In that regard, Carlos Fuentes is a member of a vast and varied group of noteworthy authors whose books at some point over the years have been judged bad for some readers and removed—banned—from some U.S. library shelves. Here's a hodgepodge list (a few selections from A to F—the alphabet of banned books is huge!):

Mark Twain, The Adventure's of Huckleberry Finn (racism; questionable characters); Bret Easton Ellis, American Psycho (descriptions of violence against women and minorities); William Powell, The Anarchist Cookbook (instructions for manufacturing explosives; telephone hacking devices); Judy Blume, Are You There, God? It's Me, Margaret (inappropriate discussion of menstruation and breast development); Sylvia Plath, The Bell Jar (explicit sexual material; condones obscenity); Rudolfo A. Anaya, Bless Me, Ultima (profanity and pagan content); Stephen King, Carrie (schoolchildren bullying; grisly deaths; sexual references; bad language); Karl Marx and Friedrich Engels, The Communist Manifesto (questionable politics; subversion); Charles Darwin, The Descent of Man (advocating Evolution); Nicholas Saunders, E for Ecstasy (depicting recreational drug use; ways to obtain illegal drugs); Sinclair Lewis, Elmer Gantry (depictions of religion and sex); John Steinbeck, The Grapes of Wrath (language; depictions of migrant life; socialist propaganda); Ray Bradbury, Fahrenheit 451 (Copies used in school literature classes were edited to omit the words "hell," "damn," and "abortion," which is ironic because the central theme is censorship.)

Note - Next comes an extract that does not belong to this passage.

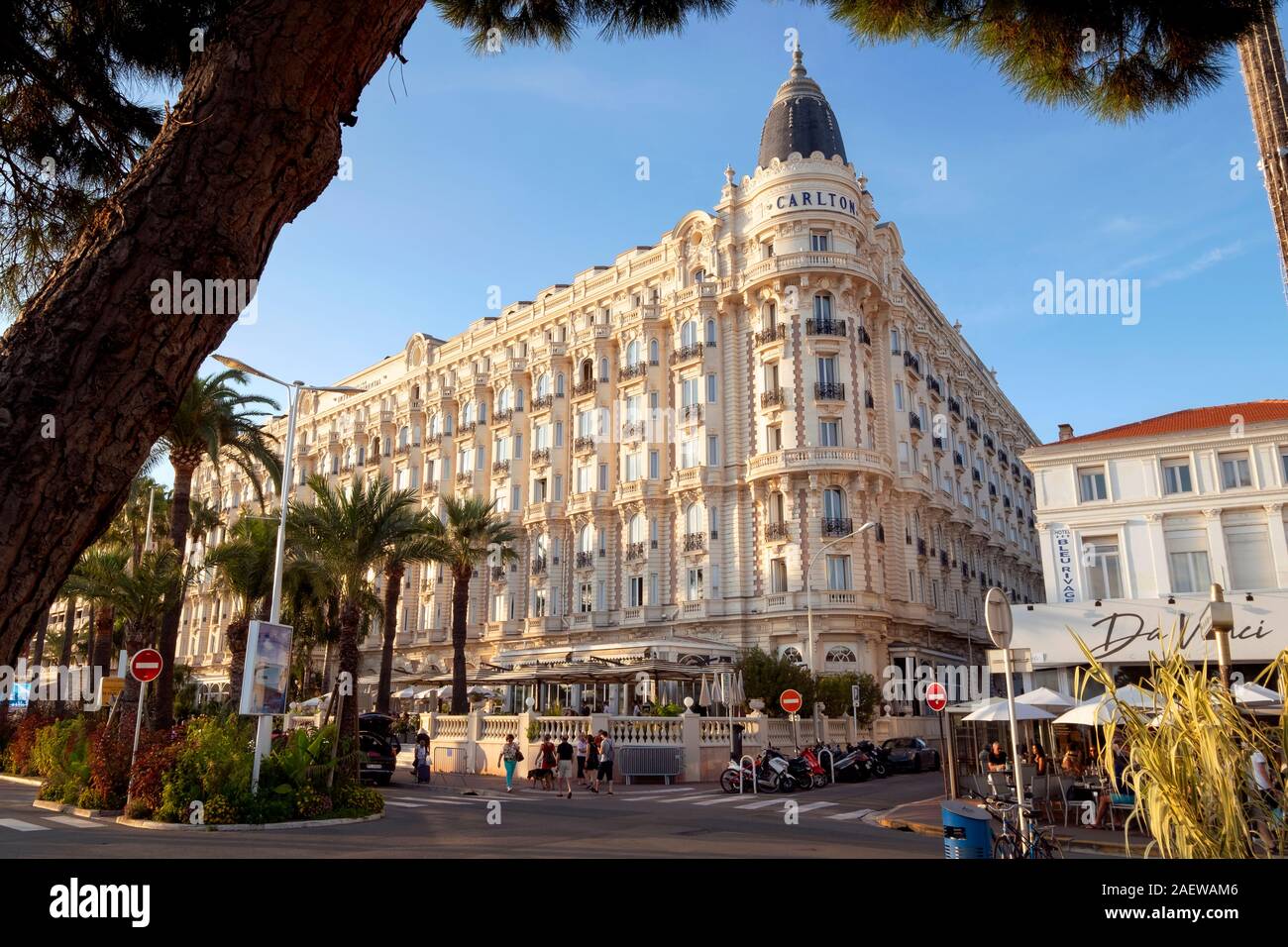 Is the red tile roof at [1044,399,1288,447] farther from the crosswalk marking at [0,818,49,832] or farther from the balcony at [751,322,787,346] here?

Just a few years ago in Florida, the 1961 children's book, James and the Giant Peach, was banned when parents took issue with Grasshopper's statement, "I'd rather be fried alive and eaten by a Mexican!" And who can forget the uproar this past summer that led to Wal-Mart yanking off its shelves the hugely popular Mexican comic book, Memin Pinguin, featuring a poor Afro-Mexican some U.S. citizens found offensive.

Books can be ennobling, which is why we abhor censorship and book banning and fight the good fight to protect our freedom of speech. Yet it's foolish to pretend that books are innocuous, that we don't need to concern ourselves with what they say. If that's the case, then it doesn't really matter if we ban them, because we have already stripped them of their power.